Axioo Hype AI 5: Gebrakan Laptop AI Rp8 Jutaan, Mampukah Penuhi Ekspektasi?
Axioo memperkenalkan Hype AI 5, laptop AI-ready terjangkau di Indonesia. Dengan harga Rp8.399.000, perangkat ini ditenagai Intel Core Ultra 5 125H ber-NPU. Fitur AI on-device, desain ringan, baterai 10 jam, dan RAM upgradeable tersedia. Laptop ini cocok bagi mahasiswa dan profesional muda yang membutuhkan komputasi AI.

Axioo meluncurkan Hype AI 5, laptop yang diklaim “AI-Ready” untuk segmen terjangkau di Indonesia, dibanderol Rp8.399.000. Perangkat ini ditenagai prosesor Intel Core Ultra 5 125H. Langkah ini memicu perdebatan atas definisi “terjangkau” dan urgensi nyata teknologi kecerdasan buatan bagi konsumen domestik yang ditargetkan.
Hype AI 5 mengandalkan Intel Core Ultra 5 125H berbasis arsitektur Meteor Lake, yang dilengkapi Neural Processing Unit (NPU) khusus untuk komputasi AI. Teknologi Intel AI Boost ini diklaim mampu menangani beban kerja seperti efek video AI, pengenalan suara, dan kolaborasi cerdas tanpa membebani CPU atau GPU utama. Fitur seperti Windows Studio Effects, termasuk efek “background blur” dan “eye contact” saat konferensi video, menjadi bukti langsung integrasi AI ini.
Laptop berbobot 1,25 kilogram ini menawarkan layar 14 inci resolusi FHD+ dengan panel IPS. Efisiensi NPU disebut-sebut memperpanjang daya tahan baterai hingga 10 jam, menargetkan mobilitas tinggi bagi mahasiswa dan profesional muda. Berbeda dengan tren laptop ultra-light lain, Hype AI 5 menyediakan dua slot SODIMM DDR5 yang dapat di-upgrade, memberikan fleksibilitas memori yang krusial untuk multitasking berat atau aplikasi kreatif berbasis AI.
Strategi Aksesibilitas dan Kepercayaan
Axioo menegaskan langkah ini sebagai upaya strategis untuk memperluas akses terhadap komputasi berbasis AI di pasar domestik. Perusahaan secara eksplisit menargetkan mahasiswa, profesional muda, dan pelaku usaha kecil yang membutuhkan perangkat kerja fleksibel dan relevan dengan perkembangan teknologi terkini.
Guna memperkuat kepercayaan konsumen, Axioo menyertakan program Accidental Damage Protection Extra yang mencakup perlindungan terhadap kerusakan tidak terduga hingga kehilangan. Klaim dapat diajukan lebih dari sekali, didukung oleh 183 jaringan service center di seluruh Indonesia. Ini merupakan manuver penting untuk menenangkan kekhawatiran konsumen di segmen menengah.
Tren AI On-Device dan Implikasinya
Hadirnya laptop dengan NPU terintegrasi mencerminkan tren AI “on-device” yang semakin menguat, di mana proses komputasi dilakukan langsung di perangkat tanpa sepenuhnya bergantung pada komputasi awan.

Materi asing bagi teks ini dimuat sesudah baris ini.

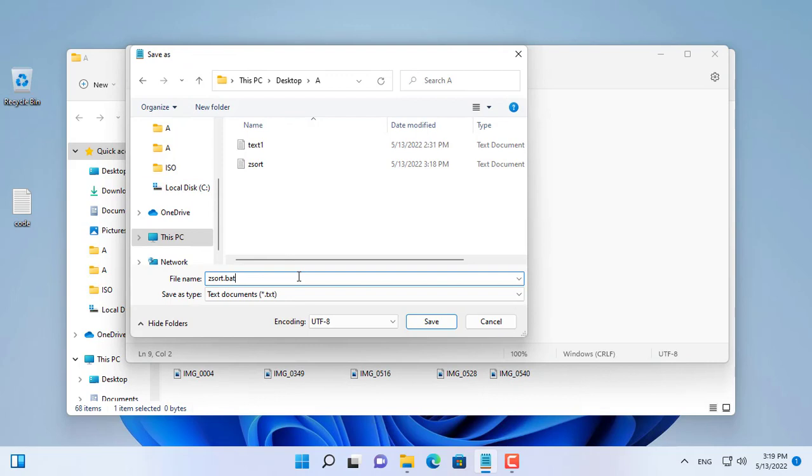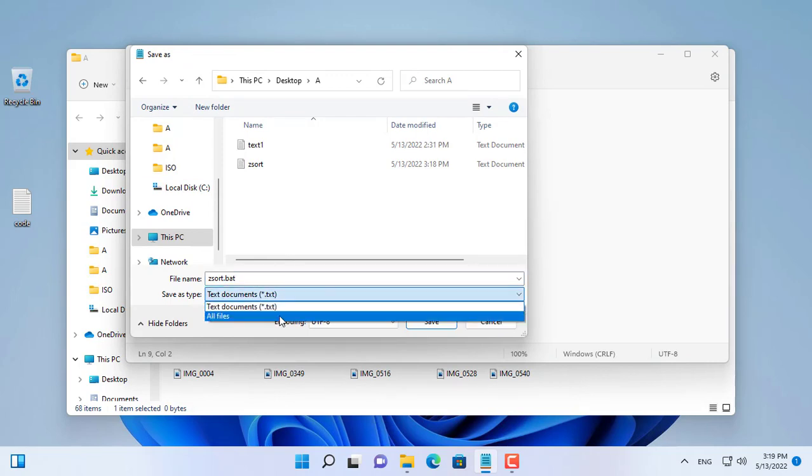You give any name as per your choice, but make sure you give the extension of the file as .bat.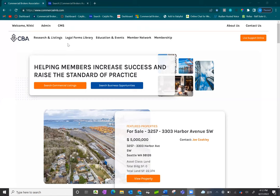From the SEBA homepage, if you would like to search for sale, lease, or CMAs and sales comparables, click on 'Search Commercial Listings' in the center. If you would like to search business opportunities, you can click on the blue button that says 'Search Business Opportunities.' Please see our business opportunities video for more information on how to conduct those searches.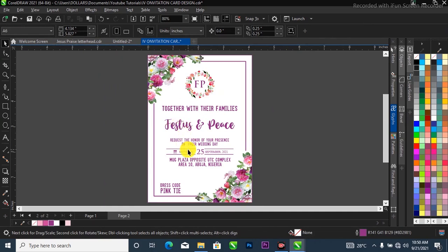This is how I was able to achieve this invitation card in CorelDraw. I hope you like this video — please don't forget to give it a thumbs up. If you are yet to subscribe to this channel, please do subscribe now and turn on the notification bell to be notified when I drop a new video. See you next time, thank you so much for watching.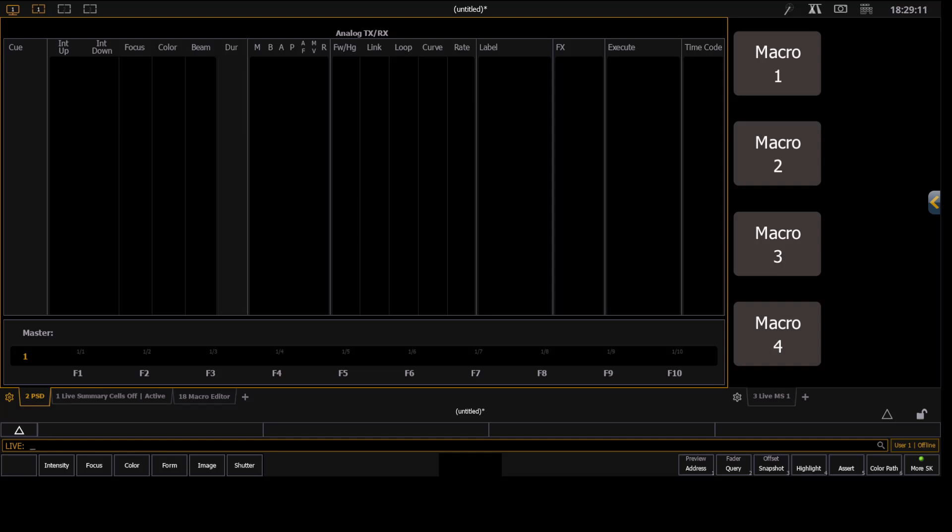All right, in this recording we're going to do a quick one showing some navigations using multiple magic sheets.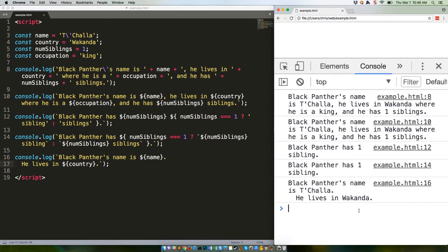There's more to template literals, specifically something called tagged functions, but those are complex and would take longer to explain than we have available today. So we'll have to get to them in a future tutorial.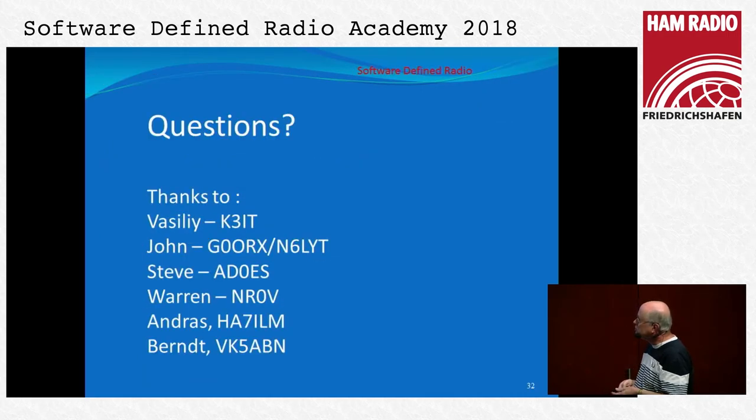Finally, thanks to Vasily, John, Steve, Warren, Andras, and Bernd. Happy to take questions. — Do you know why the links to the Athena project disappeared from Steve's website some weeks ago? — I don't know. John and I had the same discussion. I was going to put the URL on the bottom of the slide and when I went to check, his site was down for some reason.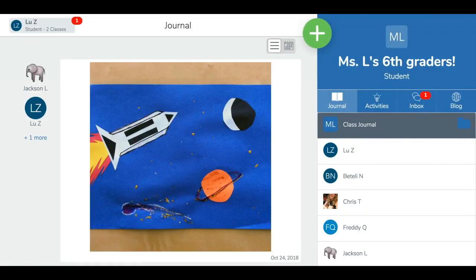And that's all there is to it. You now know how to get your students logged in and connected with their email accounts.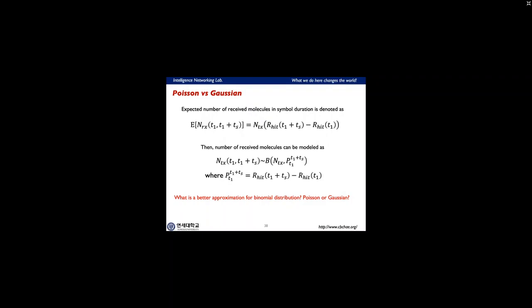During communications, we don't have just a single shot transmission — consecutive bits are sent via the molecular diffusion channel. Therefore, we need to sum the effect of previously sent molecules for the current symbol duration. The binomial model, however, is intractable and not easy to manipulate analytically. So this model is mostly approximated by the Poisson or Gaussian model.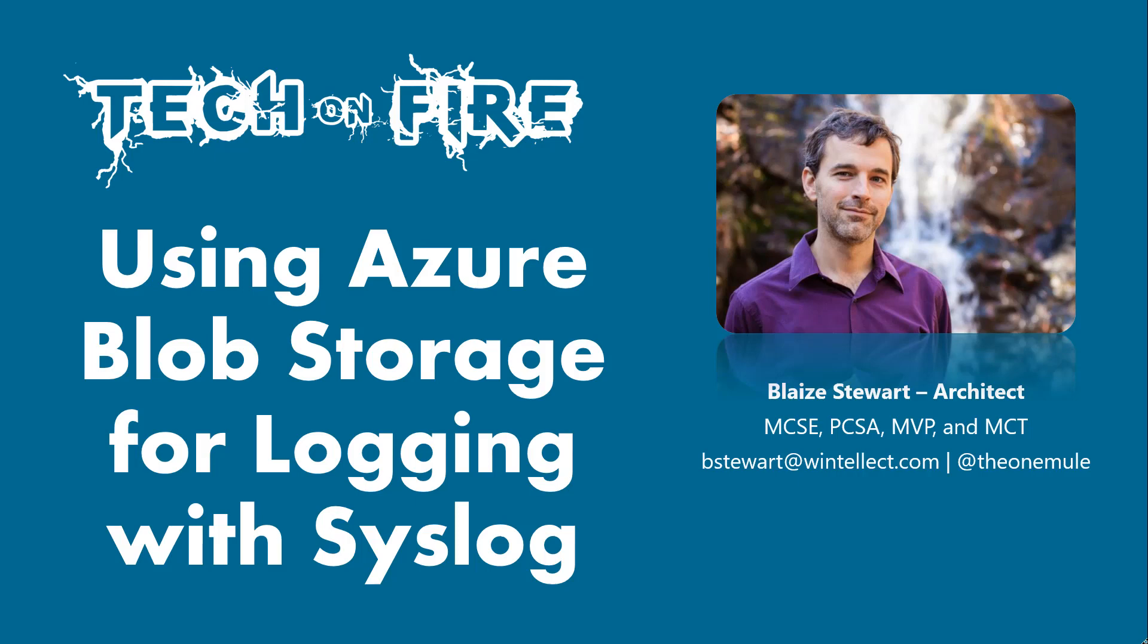Hello world and welcome to this edition of Tech on Fire with Blaze. I'm Blaze Stewart, an architect, and today we're going to be looking at how to use Azure Blob Storage for logging with syslog.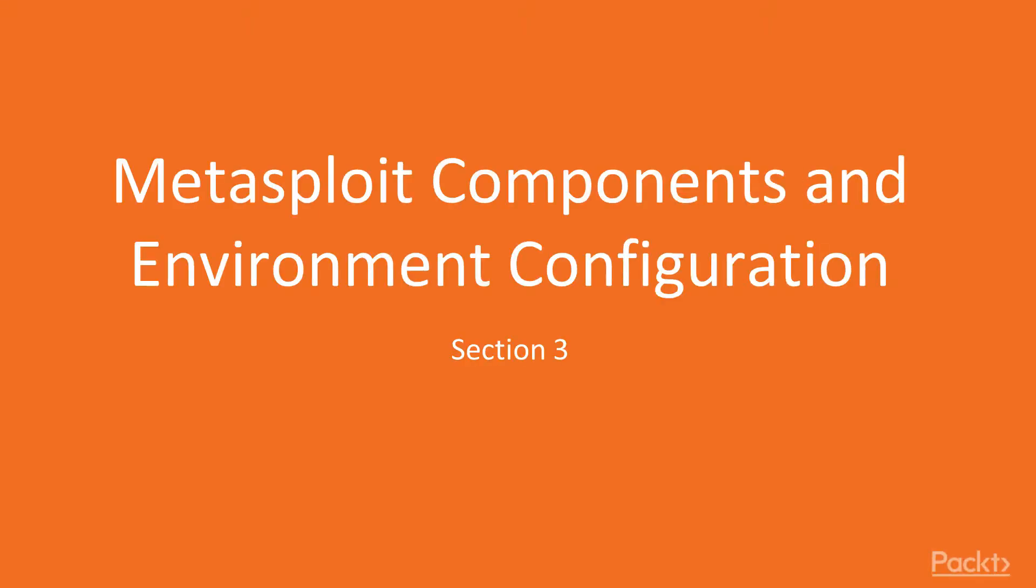Hi guys, welcome to the new section: Metasploit components and environment configuration.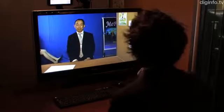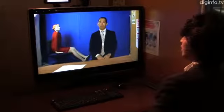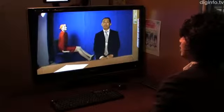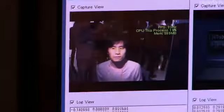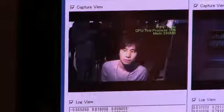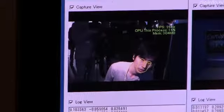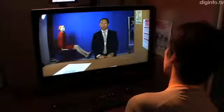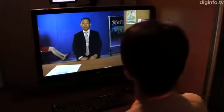Depth information is obtained by calculating the observer's position within the image. Faces are recognized using characteristic parts such as the eyes and mouth, and based on their size and position, the system estimates how far the person is from the camera.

Pendekatan ini menjanjikan efisiensi daya dan peningkatan privasi pengguna karena data sensitif dapat diproses secara lokal.
Dengan Hype AI 5, Axioo berpotensi menjadi pionir lokal dalam memperluas penetrasi teknologi AI. Namun, keberhasilan adopsi luas di segmen menengah akan sangat bergantung pada sejauh mana fitur-fitur AI ini benar-benar menjadi kebutuhan mendesak, bukan sekadar mengikuti tren global yang belum sepenuhnya relevan bagi sebagian besar pengguna di Indonesia. Pertanyaan krusialnya: apakah pasar siap menganggap laptop dengan NPU sebagai “kebutuhan baru” atau hanya sekadar “fitur tambahan”?